Bin küsur senelik dinimizi bırakıp neyi benimseyeceğiz? Biz Hz. Muhammed'e, sahabiye inandık diye mi yıkıldık? Hadislere sarıldığımız için mi yıkıldık? Ne kadar abes bir şey...
Marks, " Din afyondur" derken, katolik kilisesini kasteder. Hakikaten katolik kilisesi tam bir afyondur. Kilise iktidarın emrindedir. Marks'ın dinsizliği de burjuvazinin dinsizliğinden gelmektedir. Ona da burjuvaziden mirastır.
Bir Fıkra
Cennete kabul odasının kapısı çalınmış, görevli Melek kapıyı açmış, içeri bir adam girmiş, "Buyrun.." demiş Melek. Adamın "Efendim ben.." demesiyle kaybolması bir olmuş..

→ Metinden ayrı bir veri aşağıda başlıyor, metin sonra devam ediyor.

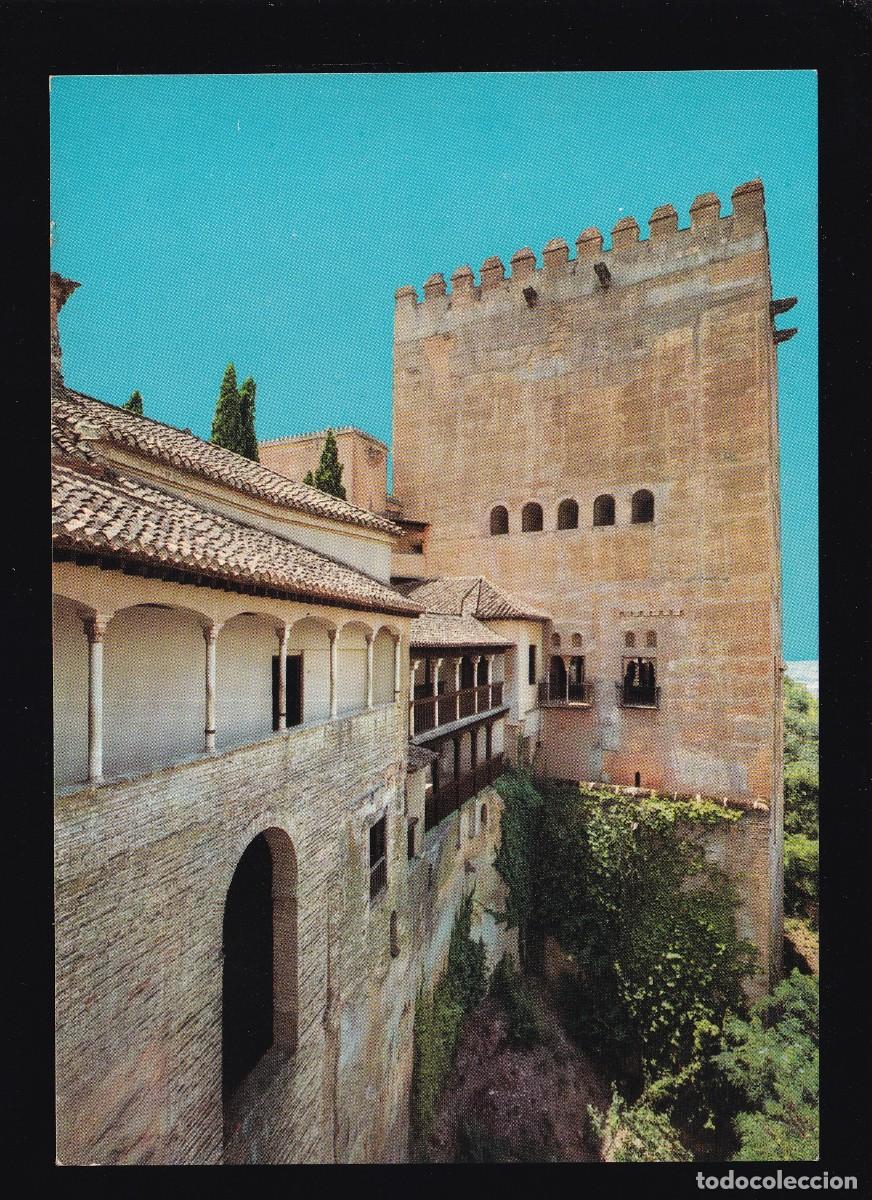 Postales: Granada. Ed. &Aacute;gata n&ordm; 3206. Nueva. - Foto 1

Aradan biraz geçmiş, tekrar kapı vurulmuş, Melek kalkıp kapıyı açmış ki aynı adam..
"Esasında şimdi.." demiş ve tekrar kaybolmuş..
Bir iki dakika sonra yine kapı vurulması, yine aynı adam daha ağzını açmadan kaybolunca "Yeter ama.." demiş Melek kızarak, "Kardeşim dalga mı geçiyorsunuz benimle?.."
"İnanın niyetim o değil efendim.." demiş adam giderek uzaklaşan bir sesle, "Aşağıda beni hayata döndürmek için doktorun biri elektroşok yapıyor..!"
"Her kişinin iki resülü vardır. Biri zahir, diğeri batın. Zahir dildir, Batın gönüldür. Dil Muhammed’e, gönül Cebrail’e benzer."